Staying at Wolgan Valley is so much more than a passive outback or bush experience. Guests of all ages are given the opportunity to add and learn about the environment. Besides the habitat mapping, tree planting, and foraging, there are always kids (dubbed Wolgan Rangers) bounding after field guides, trying to spot wiggly insects or gliding birds, learning about the land and the weird and wonderful Dr. Seuss-like animals that only exist here. "The whole kids program now includes a regenerative element, where we teach through games and exploration, how to protect and repair," explained general manager Tim Stanhope.
Bouncing along dirt tracks in one of the resort's iconic Land Rover Defenders during the sundowners tour, my field guide Simone Brooks described some of the recent efforts. "All of these trees have been planted to help restore the eroded riverbanks and help protect the quality of the river and the native habitat, usually with help from the guests," she said as we navigate through the valleys and waterways. "The Carne Creek, for example, is the healthiest waterway in New South Wales, and the reason it's so pristine is due to the native regeneration, as healthy plants in the catchment help to filter out any impurities."
As we ventured deeper into the bush, passing through the mobs of frisky kangaroos, Brooks took me to one of the habitat recovery areas.
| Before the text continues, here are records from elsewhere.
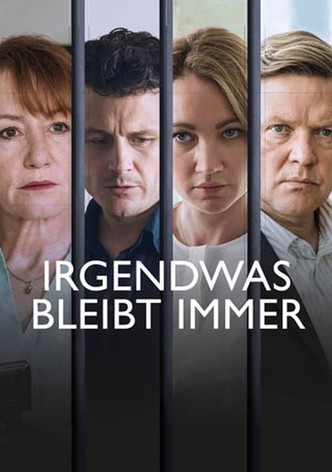 Irgendwas bleibt immer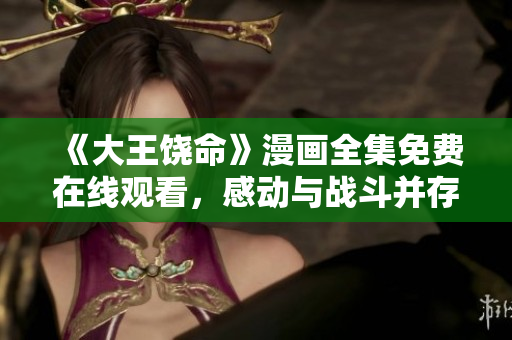 《大王饶命》漫画全集免费在线观看，感动与战斗并存的故事不容错过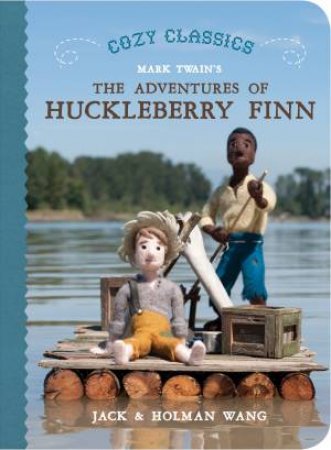 Cozy Classics: The Adventures of Huckleberry Finn by Holman Wang & Jack Wang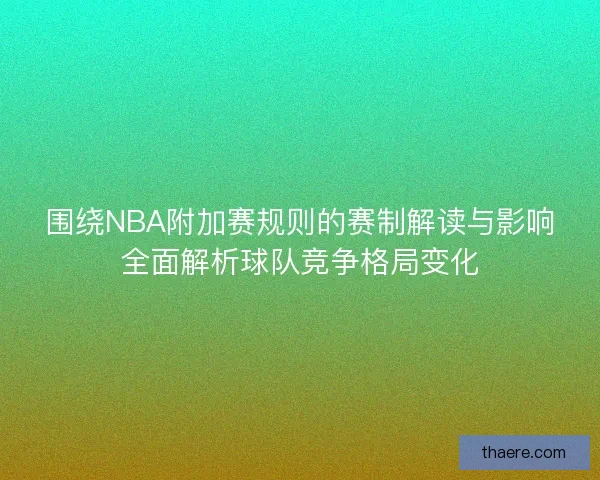围绕NBA附加赛规则的赛制解读与影响全面解析球队竞争格局变化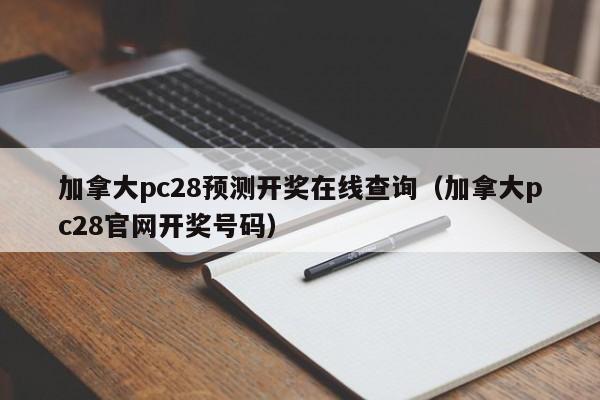 加拿大pc28预测开奖在线查询（加拿大pc28官网开奖号码）-第1张图片-pc28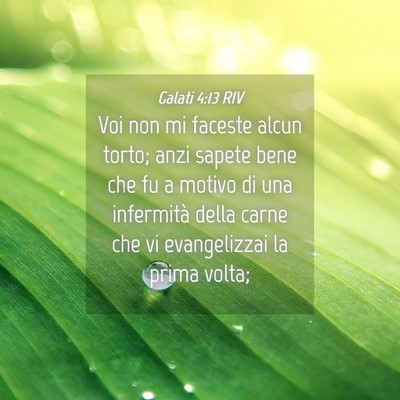Picture 04 - Galati 4:13 RIV - Voi non mi faceste alcun torto; anzi sapete bene - Bible Verse Picture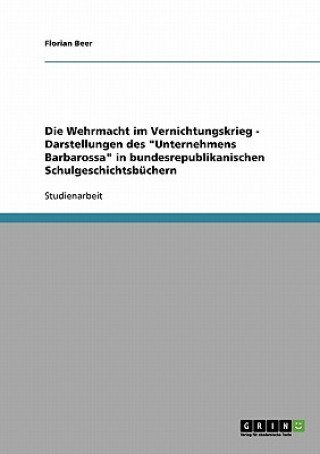Könyv Wehrmacht Im Vernichtungskrieg - Darstellungen Des Unternehmens Barbarossa in Bundesrepublikanischen Schulgeschichtsb chern Florian Beer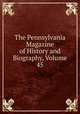 The Pennsylvania Magazine of History and Biography, Volume 45, 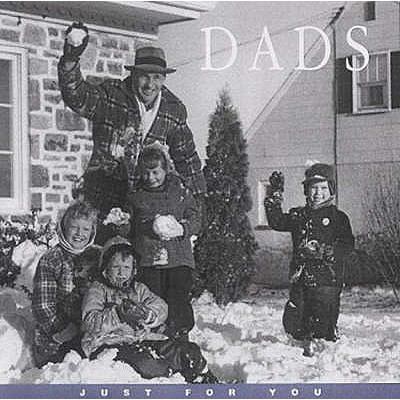 Dads (Just for You) 1840724773 Book Cover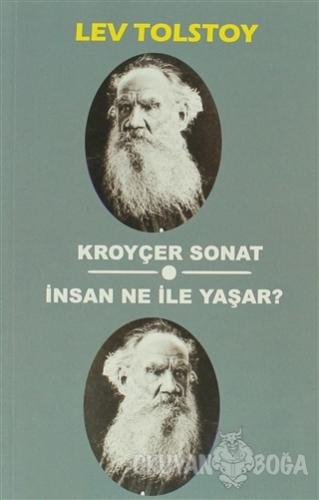 Kroyçer Sonat - İnsan Ne ile Yaşar? - Lev Nikolayeviç Tolstoy - Ulak Y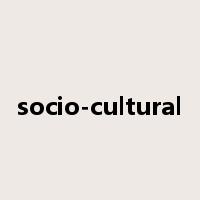 socio-cultural是什么意思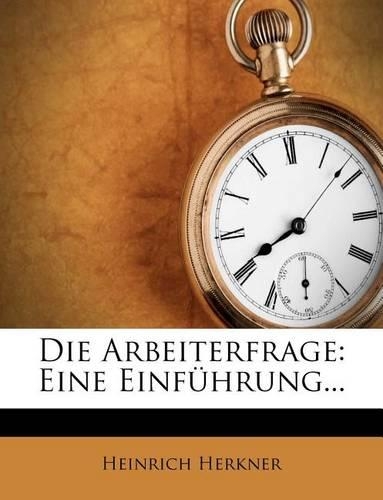 Die Arbeiterfrage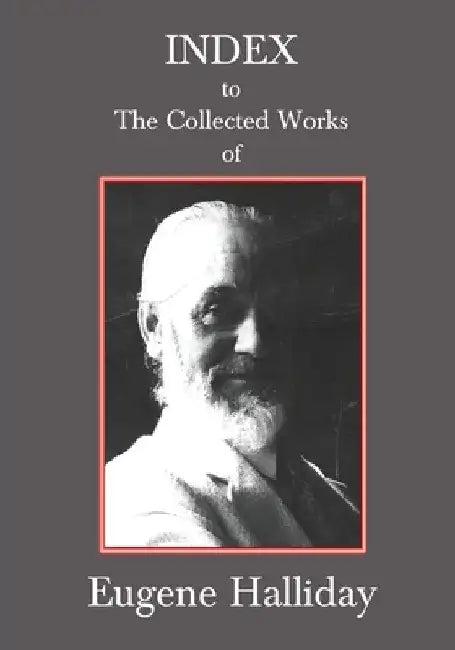 Buy Index to The Collected Works of Eugene Halliday (English, Andrew W. Moore | Hephzibah Yohannan | John Zaradin) — BookShops.in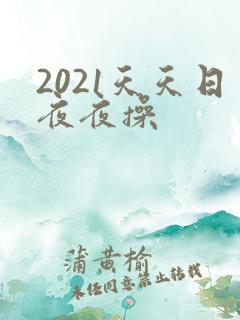 2021天天日夜夜操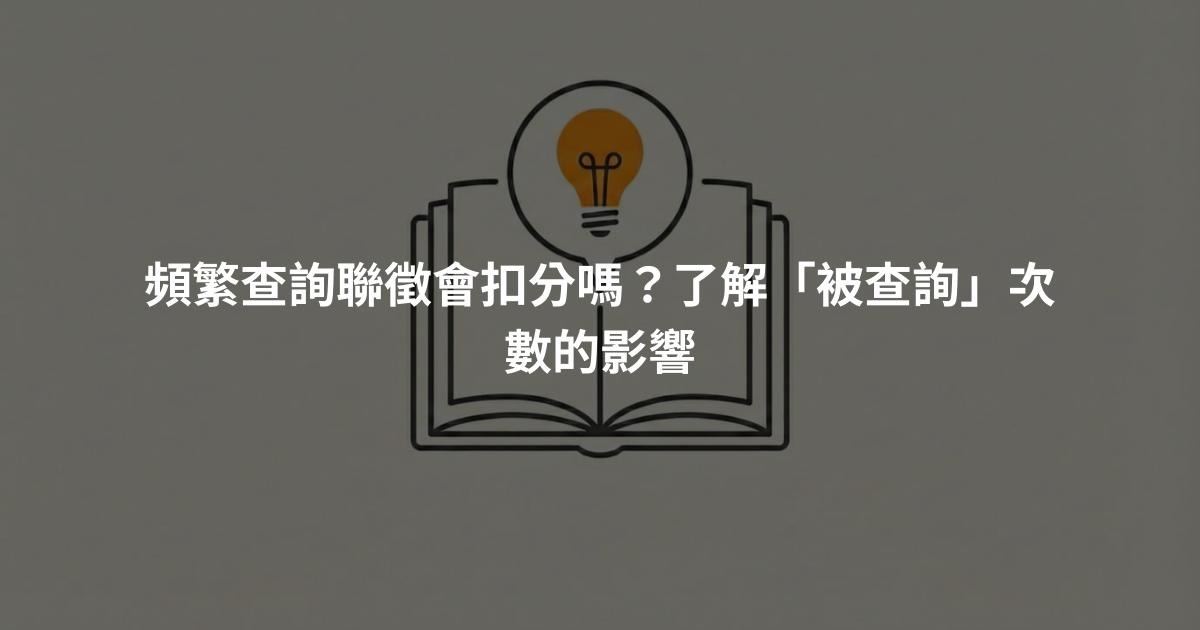 頻繁查詢聯徵會扣分嗎？了解「被查詢」次數的影響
In these spots, guests can roll up their sleeves and actively support the natural regeneration, placing natural mulch and planting seedlings to re-create habitat for wildlife and revive local flora. But the most significant site on the property, where the iconic Wollemi Pines live, sadly looks like a charred gravesite post-bushfire. The species, the oldest in the world and known as living fossils, was thought to have died with the dinosaurs before being rediscovered in the 90s by bushwalkers. "The Blue Mountains is the only place in the world where this tree can be found alive," said Brooks. "But we lost nearly all of them in the fire. With only six survivors, this is one of the most protected spots on the property. Next winter, guests will be invited to do a ceremonial planting as part of the ongoing bushfire regeneration."
Even the food has been given a regenerative spin. New head chef James Viles, who came from highly acclaimed restaurant Biota, is known for his hyper-local cuisine and spent his first two months planting edible gardens and exploring the vast slopes, dams, rivers, and valleys for native bounty. His next step will be to introduce daily menus highlighting the just-plucked seasonal produce. "I think it's important we respect the ingredients this country was given," Viles explained. "I hope this place becomes Australia on a plate."
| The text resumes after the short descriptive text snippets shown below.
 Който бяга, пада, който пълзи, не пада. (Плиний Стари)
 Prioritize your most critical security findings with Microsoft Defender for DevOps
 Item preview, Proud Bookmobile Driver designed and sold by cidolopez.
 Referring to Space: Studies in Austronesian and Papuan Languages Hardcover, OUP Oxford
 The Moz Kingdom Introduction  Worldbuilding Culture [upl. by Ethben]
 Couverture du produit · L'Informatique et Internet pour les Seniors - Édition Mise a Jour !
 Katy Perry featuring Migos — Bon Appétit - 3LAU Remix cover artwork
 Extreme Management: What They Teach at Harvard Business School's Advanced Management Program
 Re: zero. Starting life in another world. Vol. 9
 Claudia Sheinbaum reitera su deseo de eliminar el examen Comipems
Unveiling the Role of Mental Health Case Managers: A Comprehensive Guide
One of the new guest experiences includes foraging and learning what can be planted, eaten, and cooked. I plucked and ate native asparagus straight from the ground (it tasted more like a sweet green pea) and learned that bulrush, a troublesome weed found in dams, can actually be used as a celery substitute. I also had my first 'bush tea' — a sweet and refreshing native strawberry gum iced tea.
Helping the community and farmers is a vital part of regeneration, so to set up hives on the property, Viles recruited a local beekeeper and honey producer whose 20,000 hives between the Blue Mountains and Sydney were mostly incinerated in the bushfires in December 2019. Next, he wants to get rid of all ocean seafood from the menu and only use local catch like bass, rainbow trout, and yabbies from surrounding dams and rivers. After that, he wants to introduce a fly-fishing program for the guests, with the opportunity to catch their next meal.
And this is all just the start of the post-bushfire regenerative program, proving again that luxury travel can be a force for good.